To do: Note each line in the data below that holds "Vorschau", and copy it.

Exercise material:
**********
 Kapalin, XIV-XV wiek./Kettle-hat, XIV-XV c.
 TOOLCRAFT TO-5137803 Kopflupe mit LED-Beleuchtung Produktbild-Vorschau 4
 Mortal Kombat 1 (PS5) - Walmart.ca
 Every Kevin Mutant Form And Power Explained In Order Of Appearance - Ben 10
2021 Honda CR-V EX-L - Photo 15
**********
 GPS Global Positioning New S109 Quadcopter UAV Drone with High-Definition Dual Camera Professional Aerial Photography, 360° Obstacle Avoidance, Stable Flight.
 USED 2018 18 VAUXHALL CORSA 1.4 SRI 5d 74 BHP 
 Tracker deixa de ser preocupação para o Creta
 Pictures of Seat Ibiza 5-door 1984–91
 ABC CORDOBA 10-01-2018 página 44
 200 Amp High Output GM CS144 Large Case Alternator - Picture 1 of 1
**********
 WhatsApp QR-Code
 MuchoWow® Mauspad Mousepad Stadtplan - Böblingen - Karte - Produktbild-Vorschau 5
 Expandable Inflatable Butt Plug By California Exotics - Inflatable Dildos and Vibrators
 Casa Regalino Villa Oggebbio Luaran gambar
**********
Response box:
 TOOLCRAFT TO-5137803 Kopflupe mit LED-Beleuchtung Produktbild-Vorschau 4
 MuchoWow® Mauspad Mousepad Stadtplan - Böblingen - Karte - Produktbild-Vorschau 5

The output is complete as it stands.